Return, exactly as written, the lines of the material from its top through the line with "Rattan Storage Box, 134", keeping pictures out.

Records for the exercise Start Marker

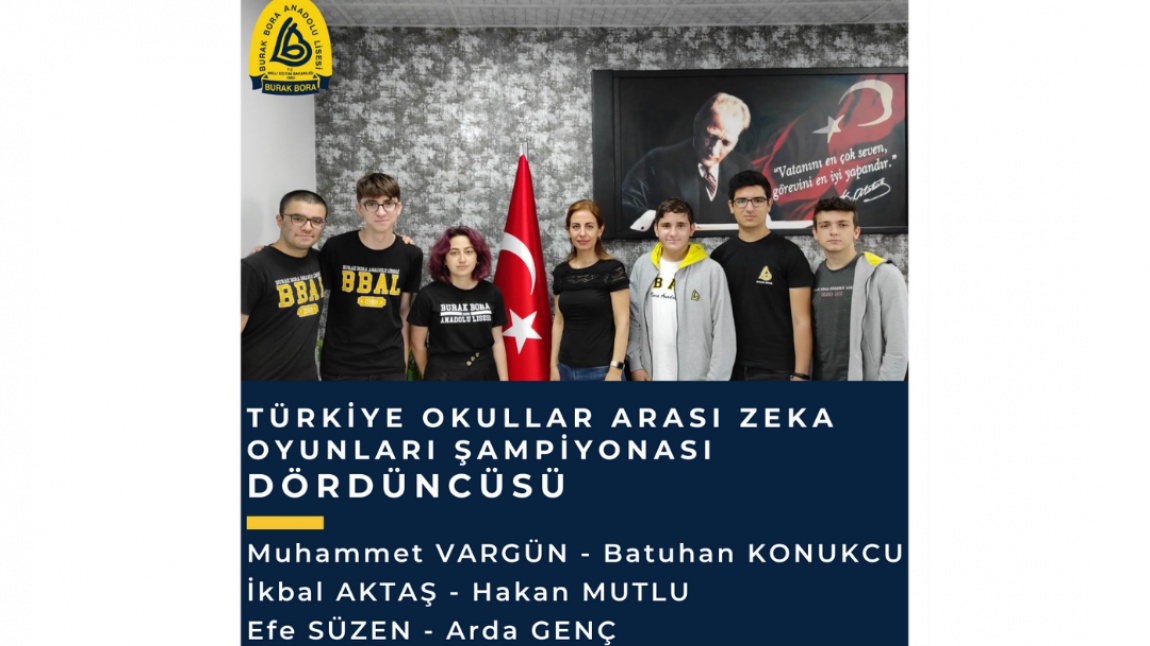 Türkiye Okullar Arası Zeka Oyunları Şampiyonası Dördüncüsü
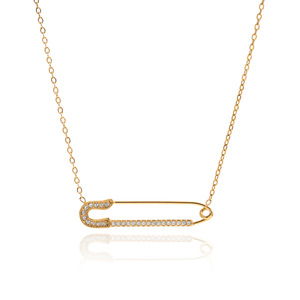 Collier en forme de trombone en diamant plaqué or 18 carats, taille brillant ronde, unisexe, pour usage quotidien, design géométrique JDN0306080 - Product Image 5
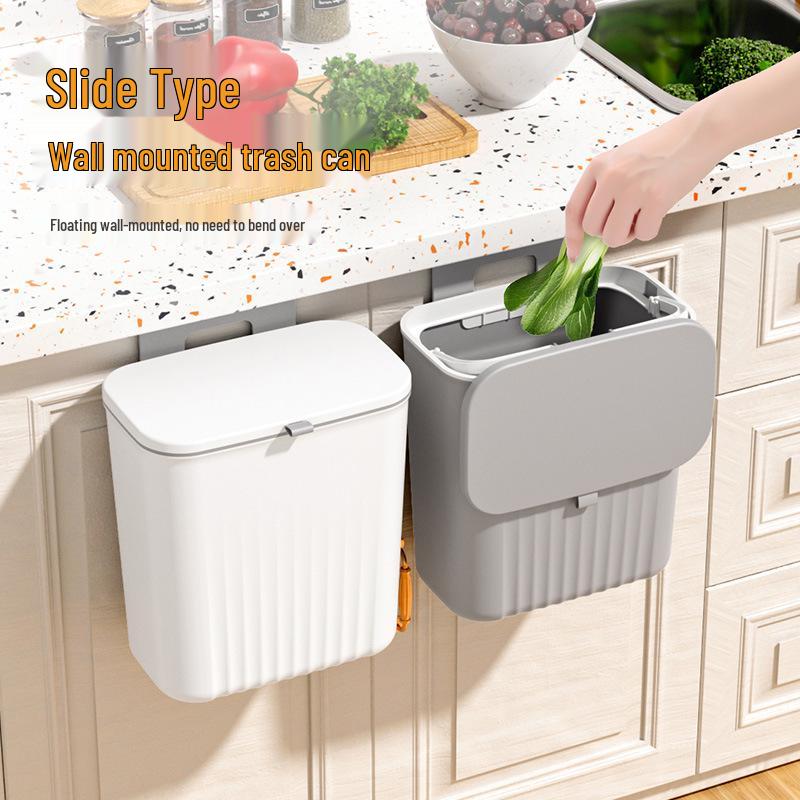 2024 Large Capacity Wall-Mounted Bathroom Trash Can with Flip and Sliding Lid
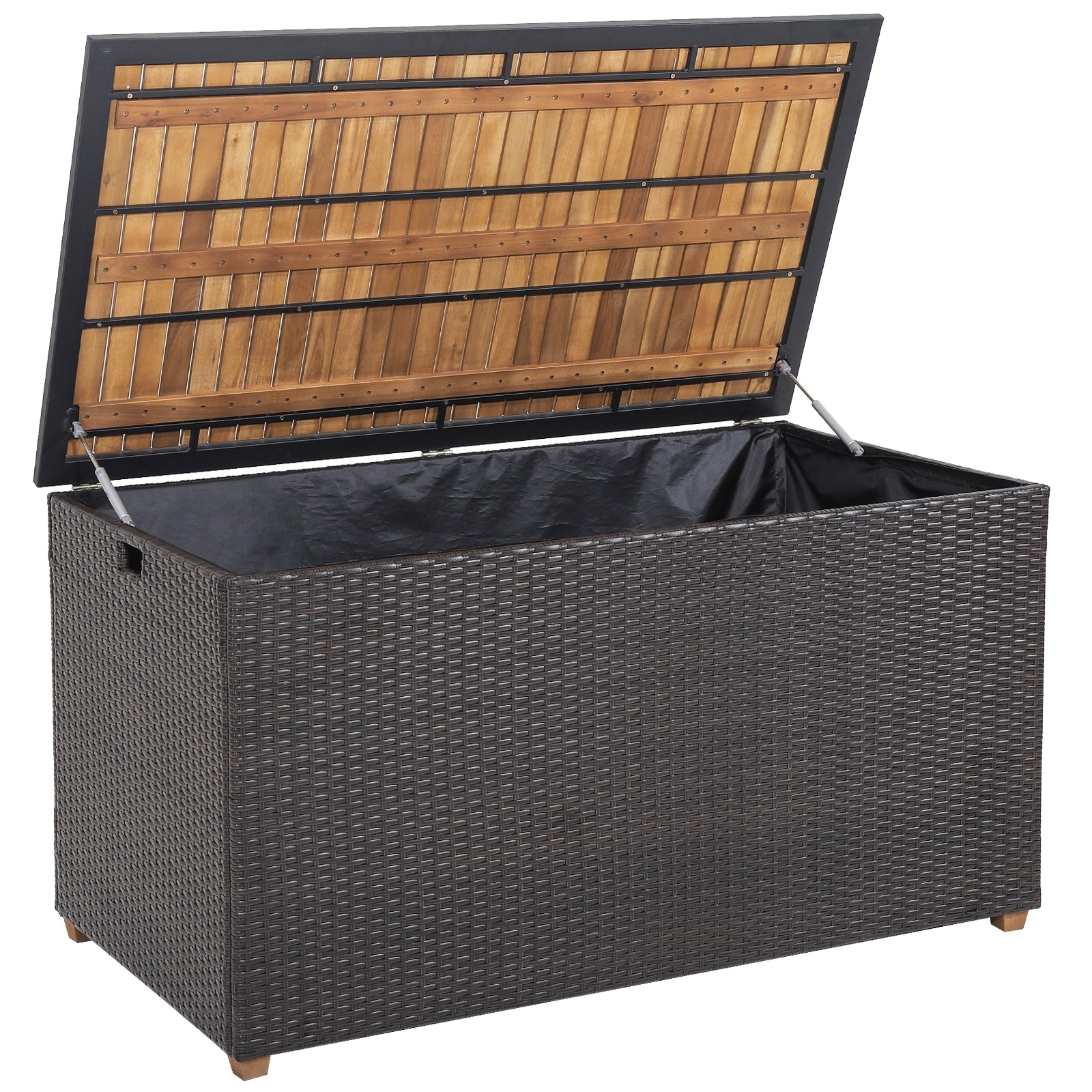 Rattan Storage Box, 134 Gallon, Zippered Liner, Acacia Wood Top, Brown Sheds & Outdoor Storage at Gallery Canada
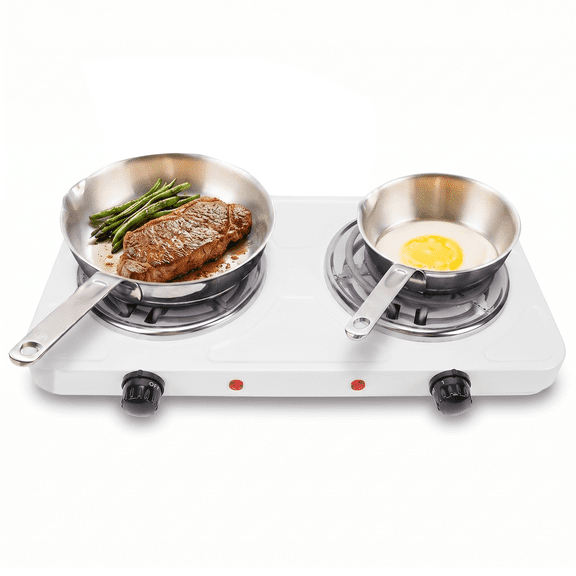Electric Countertop Burner, Double Burner, 2000W Induction Cooktop, Portable Electric Hot Plate, 5 Level Adjustable Temperature Control Cooking Ranges for Home Dorm Camping Cooking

Records for the exercise End Marker

▶ [Solution to this problem]
 Türkiye Okullar Arası Zeka Oyunları Şampiyonası Dördüncüsü
 Collier en forme de trombone en diamant plaqué or 18 carats, taille brillant ronde, unisexe, pour usage quotidien, design géométrique JDN0306080 - Product Image 5
 2024 Large Capacity Wall-Mounted Bathroom Trash Can with Flip and Sliding Lid
 Rattan Storage Box, 134 Gallon, Zippered Liner, Acacia Wood Top, Brown Sheds & Outdoor Storage at Gallery Canada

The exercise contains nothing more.